According to The Association of Certified Fraud Examiners, internal fraud costs companies 5% of revenue each year—that’s a lot if you’re a small business. Unfortunately, studies also show 87% of employees who steal are first-time offenders. Most of the fraud occurs with employees working in finance, bookkeeping or accounting departments, but it’s a good idea to put some checks in place for all employees, no matter their position.
- Have clear procedures and policies when it comes to handling money. Limit who has access to bank accounts and checks and if your business uses cash registers, have employees use a password-protected system so you know who was using the technology every minute of the day.
- Don’t let any one employee work completely alone and have sole responsibility for handling funds. Cross-train employees so you know more than one person can tell what another employee is doing.
- Don’t just hand over “the books” to an employee and forget about it. Make sure you look over the bookkeeping at random times. Your bookkeeper should know he or she could be held accountable at any time.

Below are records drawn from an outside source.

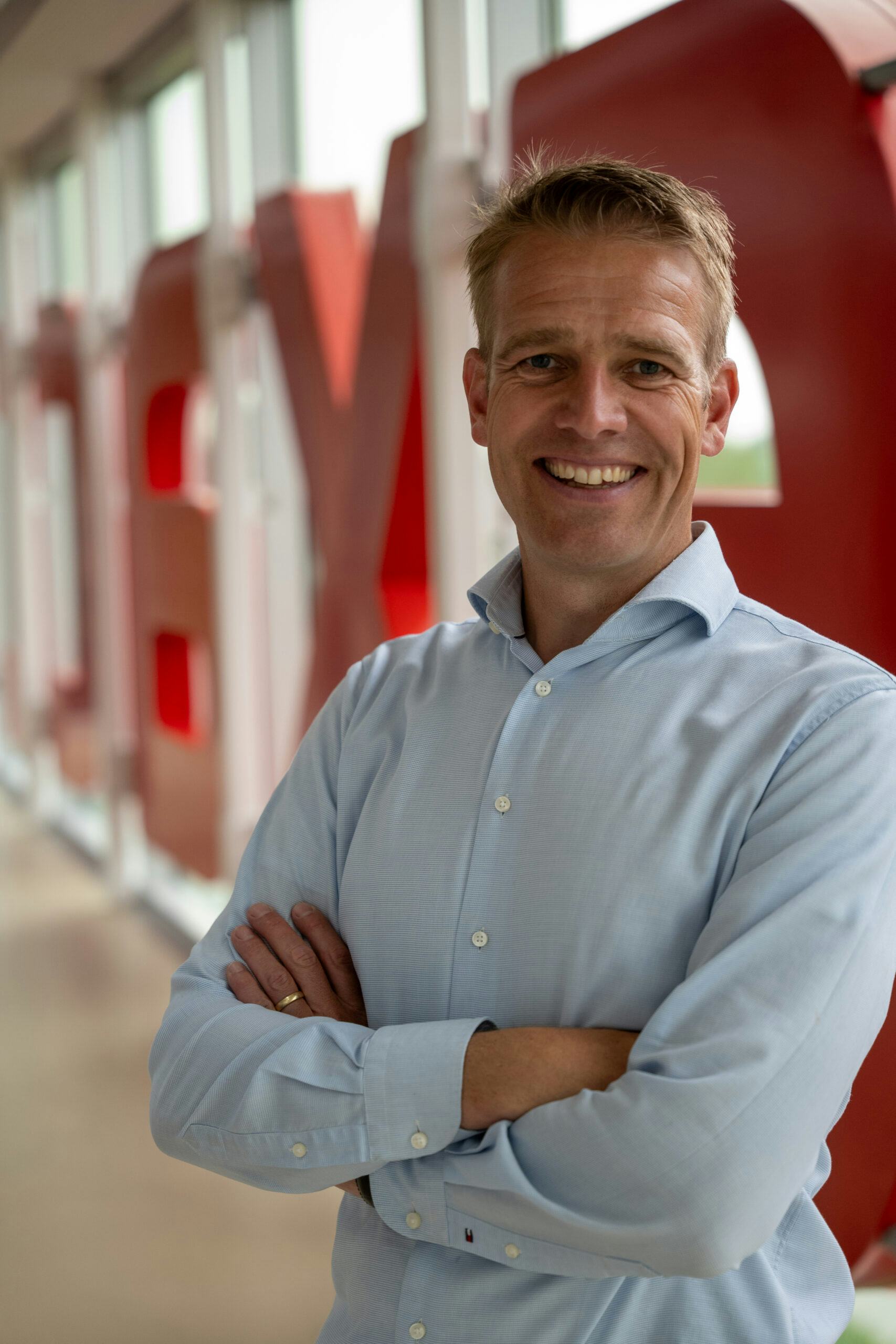 Niels Analbers: "Kijk hoe software je kan helpen om processen te stroomlijnen."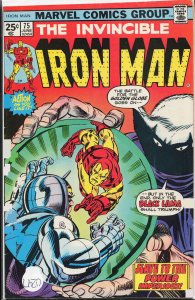 Iron Man #75 (1975) Iron Man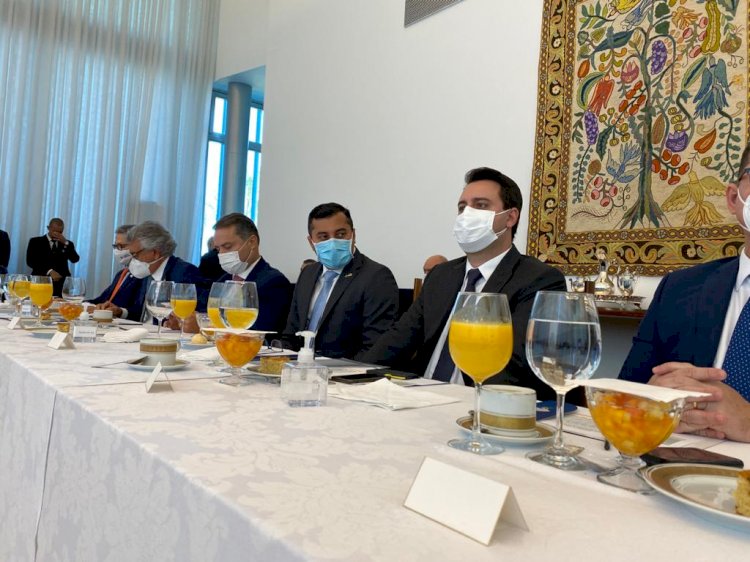 Em Brasília, Wilson Lima participa de reunião que instituiu comitê nacional para combate ao novo coronavírus
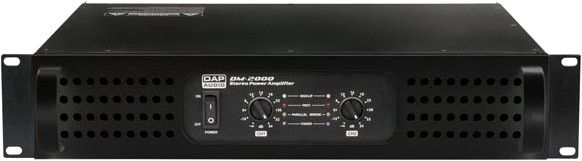 DAP-Audio DM-2000 - 2x 1000 W Verstärker der Klasse D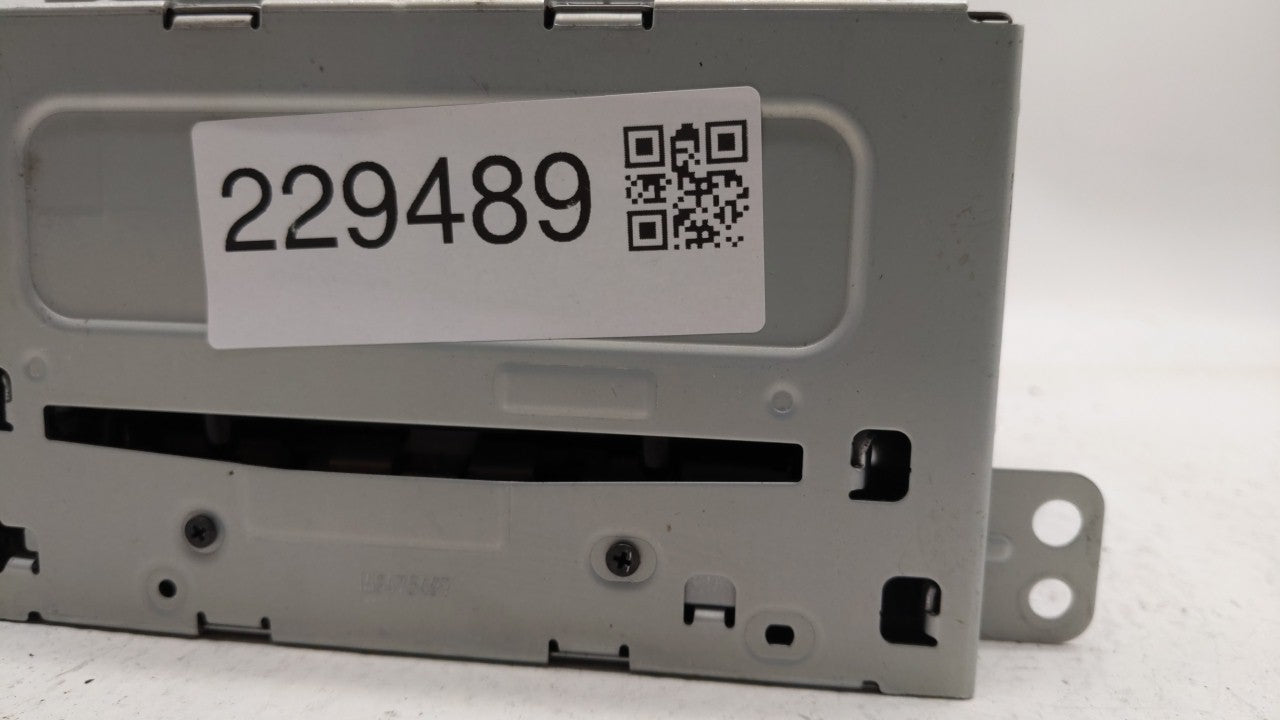 2017-2018 Ford C-Max Radio AM FM Cd Player Receiver Replacement P/N:22870782 Fits Fits 2017 2018 OEM Used Auto Parts - Oemus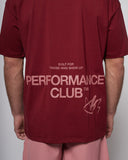 Apes Essentials T-shirt Club Drop - Velours Rouge
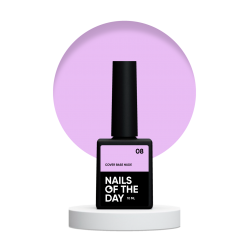 Base NAILSOFTHEDAY Cover Nude 008 10 ml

- Ask your IT person about ways to get warnings of potential fraud before it happens. For example, can you get alerts when employees access files that have nothing to do with their jobs? Make it a company policy that employees shouldn’t use unapproved programs or apps.
- If you let your employees work from home or if they are mobile, you can have your IT person set up monitoring tools on any device used for business.
- Hire an outside auditor to periodically go over your accounts and make sure everything is in order.